* _Information provided_:
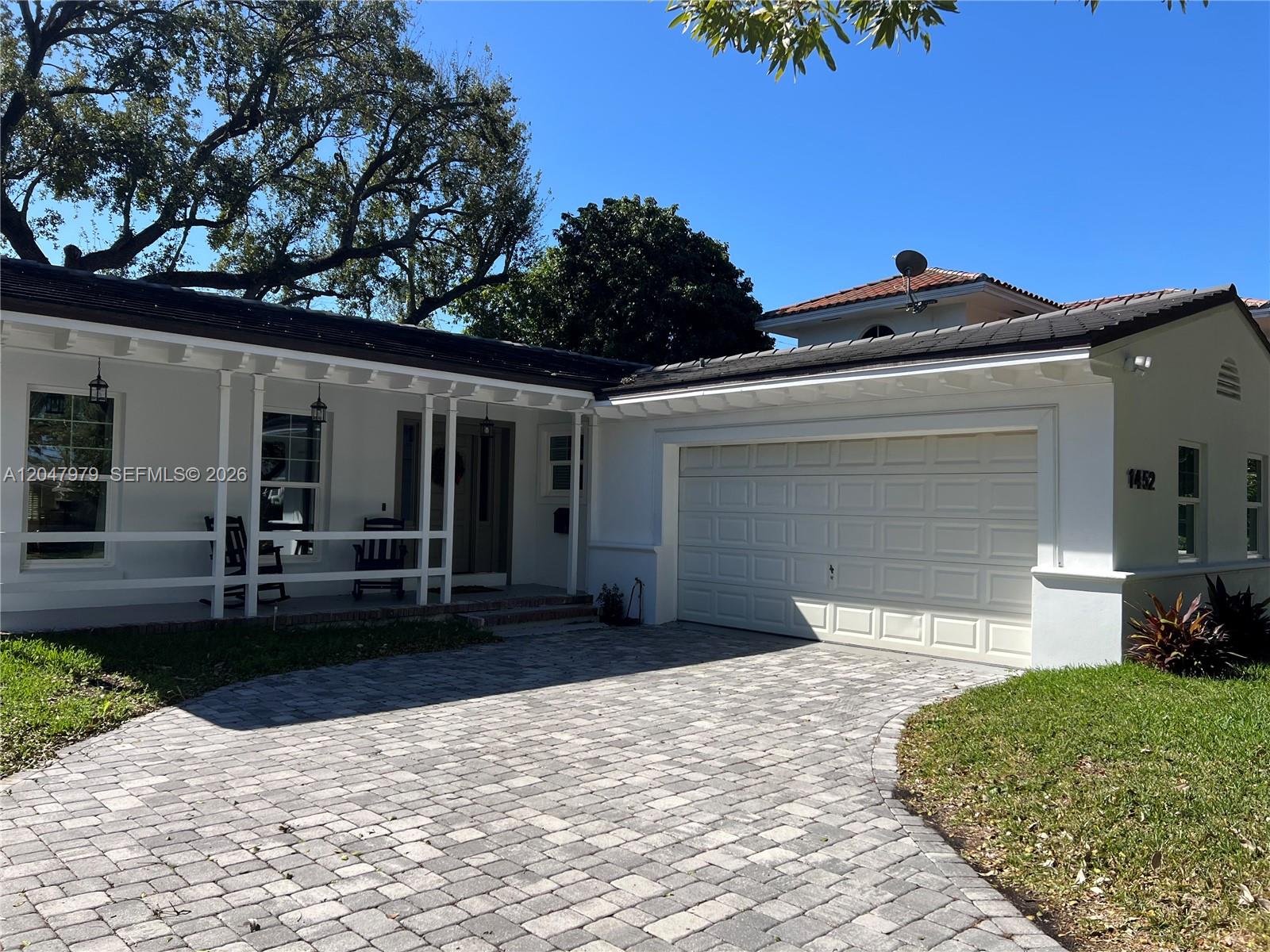 A white single-story house features a paved driveway, a covered front porch, and a garage — 1452 Urbino Ave, Coral Gables FL 33146, CORAL GABLES, FL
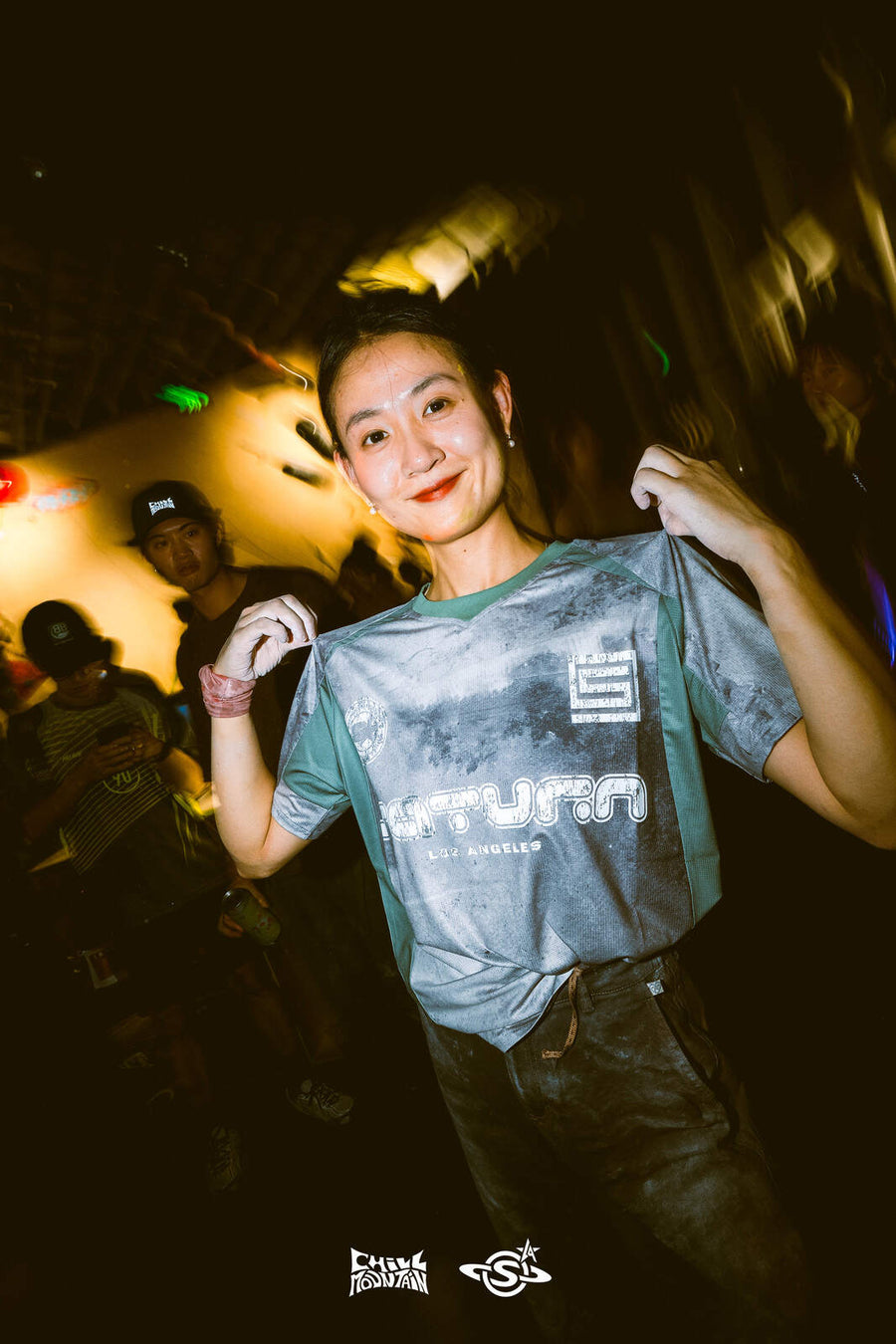 Holding up the Saturn collab jersey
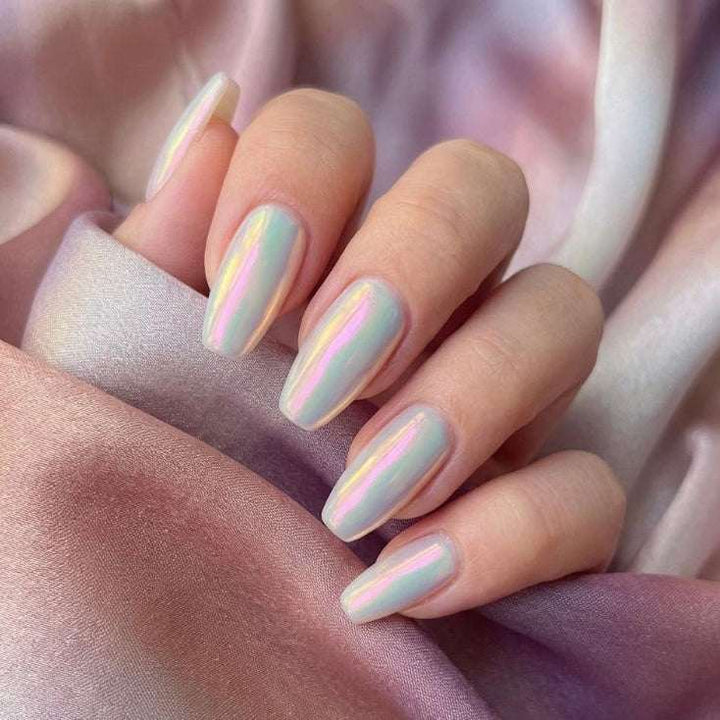 Close-up of a hand with pastel nail polish on a soft pink fabric background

* _Problem_:
Would you please write out exactly the lines between the line containing "Holding up the Saturn collab jersey" and the last line of the listing above, inclusive, without pictures?

* _Result of this exercise_:
 Holding up the Saturn collab jersey
 Close-up of a hand with pastel nail polish on a soft pink fabric background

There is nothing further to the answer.